SubMiniature version A (SMA): Utilized in cellphones, Wi-Fi antenna systems, microwave systems, and radios, with an operating range up to 18 GHz.

SubMiniature version B (SMB): Suitable for telecommunications hardware.

QMA A quick-locking version of SMA connectors used in industrial and communications equipment.

Radio Corporation of America (RCA): Employed in audio and video applications, recognizable as the grouped yellow, white, and red cables used with older televisions. RCA connectors are also known as A/V jacks.

F connectors: Also referred to as F-type connectors, these are used in digital and cable televisions, typically with RG-6 or RG-59 cables.

Uses of Coaxial Cables

In households and small offices, short coaxial cables find application in cable television setups, home video equipment, amateur radio setups, and measuring instruments. Historically, coaxial cables served as an early Ethernet medium, supporting speeds up to 10 Mbps. However, twisted pair cabling has predominantly replaced coax in this regard.

Nevertheless, coaxial cables remain extensively utilized for cable broadband internet connections. They are also employed in automotive systems, aircraft, military and medical apparatus, and for linking satellite dishes, radio, and television antennas to their respective receivers.

 Coax Standards

Most coaxial cable specifications maintain impedance values of 50, 52, 75, or 93 ohms. Due to their prevalent use in the cable television sector, RG-6 cables boasting double or quad shields and a 75-ohm impedance have emerged as a de facto standard across various industries.

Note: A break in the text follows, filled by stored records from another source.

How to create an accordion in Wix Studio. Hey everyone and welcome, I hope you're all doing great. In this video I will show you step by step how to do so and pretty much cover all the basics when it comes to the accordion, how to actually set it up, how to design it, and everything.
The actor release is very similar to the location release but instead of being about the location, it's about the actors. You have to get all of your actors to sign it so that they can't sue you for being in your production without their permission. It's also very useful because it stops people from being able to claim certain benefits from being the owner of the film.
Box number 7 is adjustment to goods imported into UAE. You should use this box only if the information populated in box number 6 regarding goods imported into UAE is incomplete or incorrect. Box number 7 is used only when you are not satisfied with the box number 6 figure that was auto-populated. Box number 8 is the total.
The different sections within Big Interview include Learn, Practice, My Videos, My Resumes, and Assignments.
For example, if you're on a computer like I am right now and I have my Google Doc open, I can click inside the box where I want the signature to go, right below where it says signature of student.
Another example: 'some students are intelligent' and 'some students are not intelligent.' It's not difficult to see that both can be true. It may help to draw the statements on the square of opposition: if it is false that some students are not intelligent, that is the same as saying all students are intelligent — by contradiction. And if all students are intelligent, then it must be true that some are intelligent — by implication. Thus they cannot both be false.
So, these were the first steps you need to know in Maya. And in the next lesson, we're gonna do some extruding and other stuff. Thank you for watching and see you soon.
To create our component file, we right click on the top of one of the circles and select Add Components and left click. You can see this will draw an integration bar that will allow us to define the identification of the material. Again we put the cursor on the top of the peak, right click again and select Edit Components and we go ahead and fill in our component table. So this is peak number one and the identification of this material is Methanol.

Nearly 50 distinct standards govern coaxial cables, tailored for specific applications in amateur radio or low-loss cable television. Examples include RG-59/U, utilized for transmitting broadband signals from closed-circuit TV systems, and RG-214/U for high-frequency signal transmission.

Coax Connectors

Coaxial connectors span from simple single connectors employed in cable TV systems to intricate assemblies comprising multiple thin coaxial links, coupled with power and other signal connections, housed within semi-customized bodies. Such assemblies are prevalent in military electronics and avionics.

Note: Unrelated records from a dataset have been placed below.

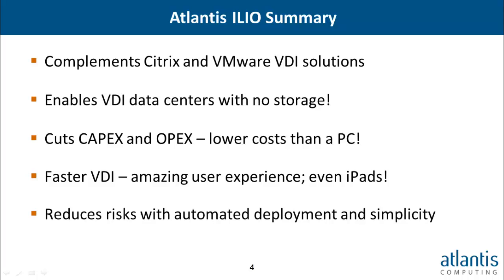In conclusion, storage in a persistent VDI deployment represents 40 to 60% of the cost of a virtual desktop, yet delivers disk performance that is four times slower than that of a physical PC. With traditional storage, it simply isn't possible to deploy persistent virtual desktops that have equal or better performance than a physical PC at a comparable cost. Atlantis ILIO makes this possible to deploy persistent virtual desktops that are both cheaper and faster than a PC. Additionally, Atlantis ILIO complements your existing Citrix and VMware VDI solutions. It enables you to deploy VDI with no storage or SSDs. It cuts your CAPEX costs and OPEX costs below the cost of a PC, while delivering one of the fastest desktops in the world. And ILIO reduces deployment risks by simplifying the architecture and fully automating the deployment.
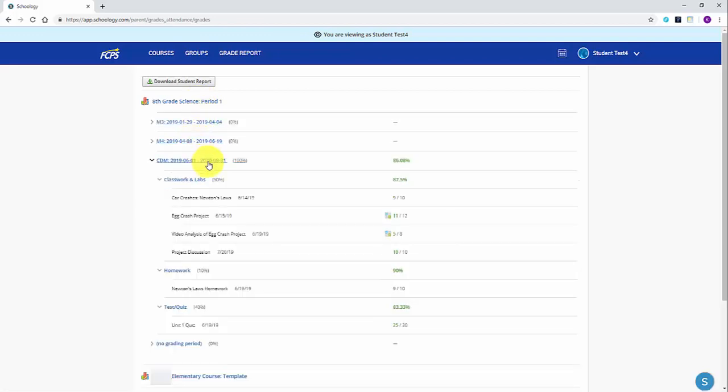When looking for a student's overall grade, you will use the total at the top listed for each marking period or term.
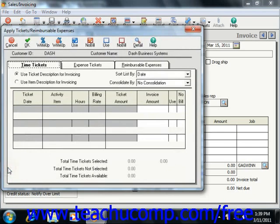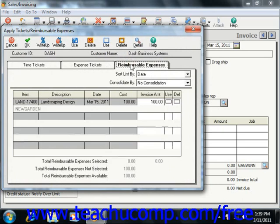Peachtree will then display all job-related expenses. Click the appropriate tab to view the expenses there, and then click the Use checkbox for any listed expenses to use them in the invoice. To delete any expenses, you can click the Delete checkbox to remove them from this window.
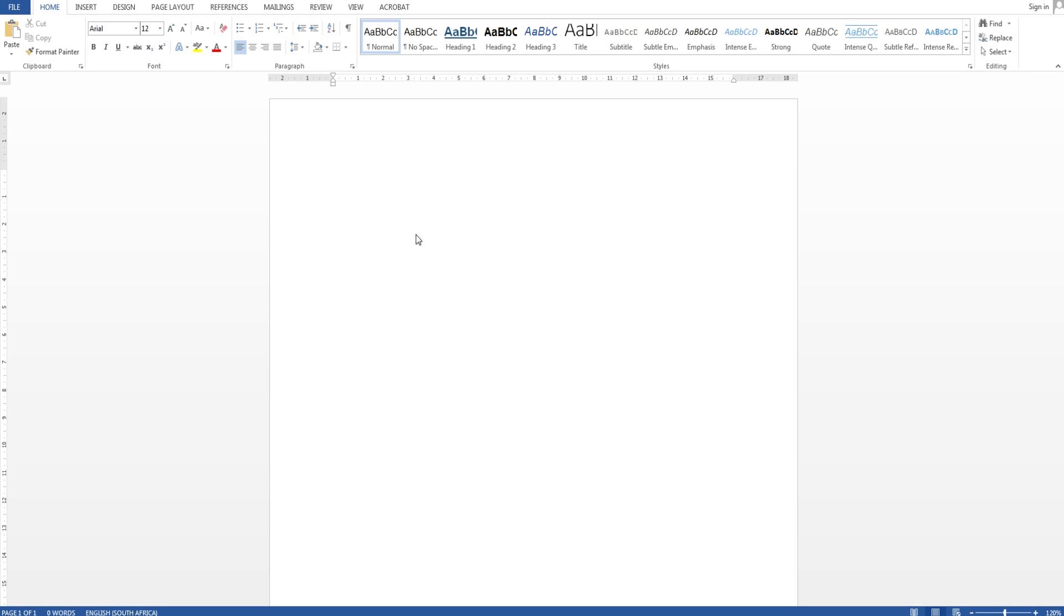Hello everyone and welcome to this video. In this video I'm going to show you how to do a basic set out and formatting of a Microsoft Word document when writing a technical report.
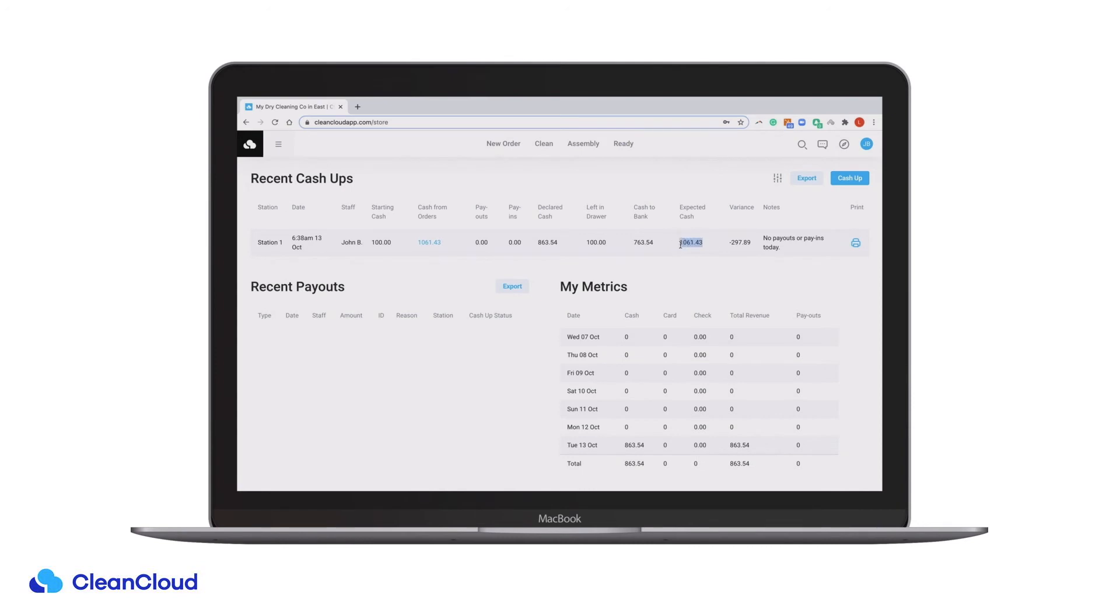Expected cash is calculated by subtracting payouts and adding pay-ins to cash from orders.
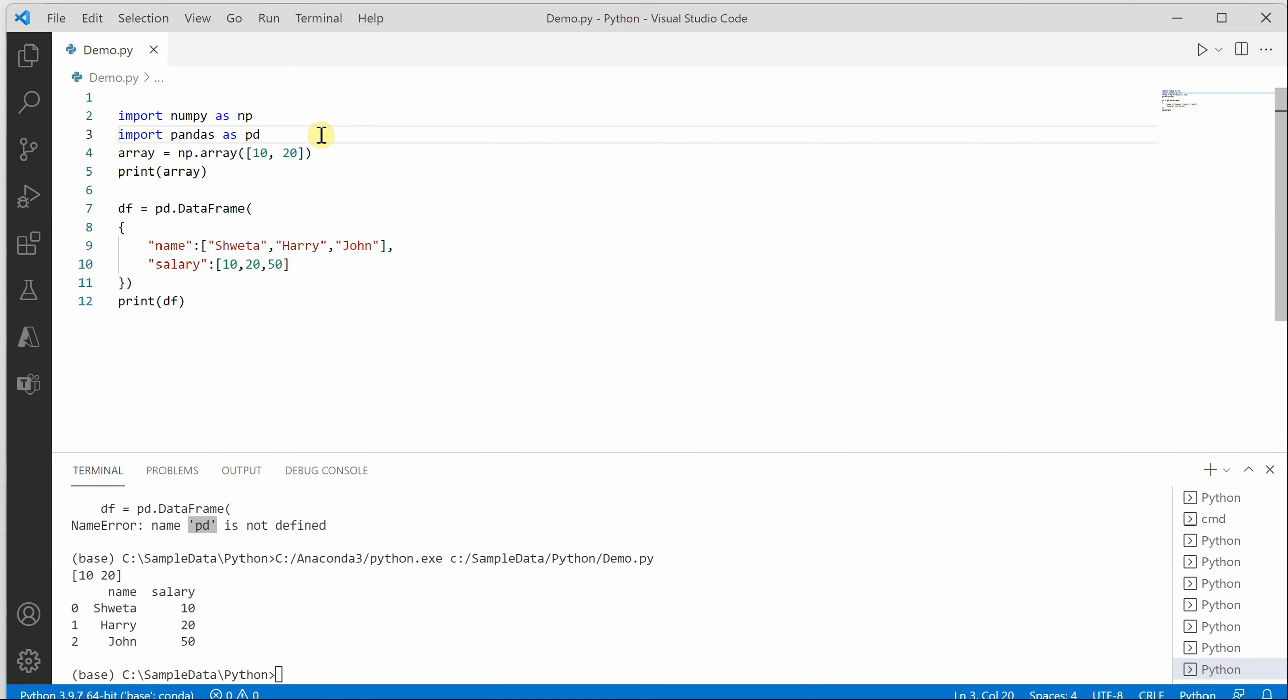Now what if you're working on a very large project which has 10 to 15 such import statements on top? How can you get rid of that? This video is all about that.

Mechanical stiffness can vary significantly, contingent upon the internal structure and intended use of coaxial cabling. For instance, high-power cables often feature thick insulation and exhibit high stiffness.

Certain cables are intentionally crafted with thick central wires to induce skin-effect resistance. This resistance arises from high-frequency signals traveling predominantly on the surface of the conductor rather than throughout. A larger central conductor yields a rigid cable with minimal loss per meter.

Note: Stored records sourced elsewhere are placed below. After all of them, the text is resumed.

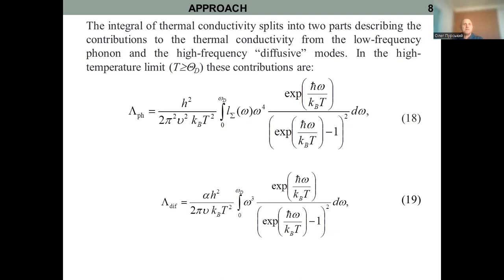In this case, the integral of thermal conductivity splits into two parts, describing the contribution to thermal conductivity from the low-frequency phonon modes and the high-frequency diffusive modes. In the high-temperature limit, this contribution is described by formulas 18 and 19.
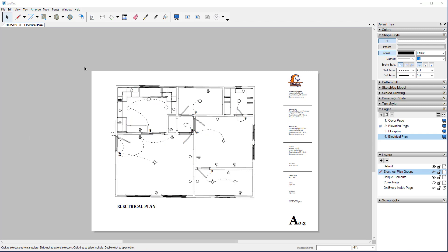That finishes up our four-page blueprints, giving us something to print out showing what we've done for plan set 9. You can do this for just about any floor plan — create your project views over here in Layout and link it with your SketchUp. Thank you for watching this episode and the series. Take a look at our YouTube channel for more series in both SketchUp Layout and Revit.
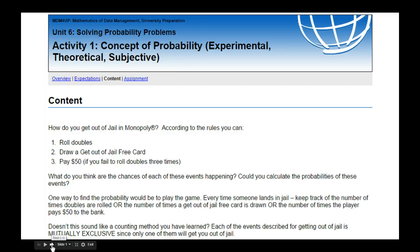This first page asks you a question related to Monopoly. I imagine most of you have played Monopoly by this point in your lives. If not, I strongly recommend it — it's a really fun board game. There is this thing called jail in Monopoly, and if you land on jail you can't get out unless one of three things happens: you roll doubles on a pair of dice, you draw a get out of jail free card, or you pay $50 if you fail to roll doubles three times. What do you think are the chances of each of these events happening?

Difference Between RG-59 and RG-6

RG-59 and RG-6 cables are both commonly used in satellite television and cable modem installations. Older systems typically used RG-59 cables before the adoption of RG-6 cables.

RG-59 Cable:

– Gauge: Thinner at 20 American Wire Gauge (AWG)

– Center Conductor: Copper

– Applications: More commonly found in older buildings, well-suited for CCTV and analog video systems

RG-6 Cable:

– Gauge: Thicker at 18 AWG

– Center Conductor: Copper

– Applications: Used with high-bandwidth and high-frequency equipment, suitable for internet and satellite signals that operate at higher frequencies compared to traditional analog video

The choice between RG-59 and RG-6 largely depends on the frequency requirements. For applications requiring frequencies above 50 MHz, RG-6 cable is recommended.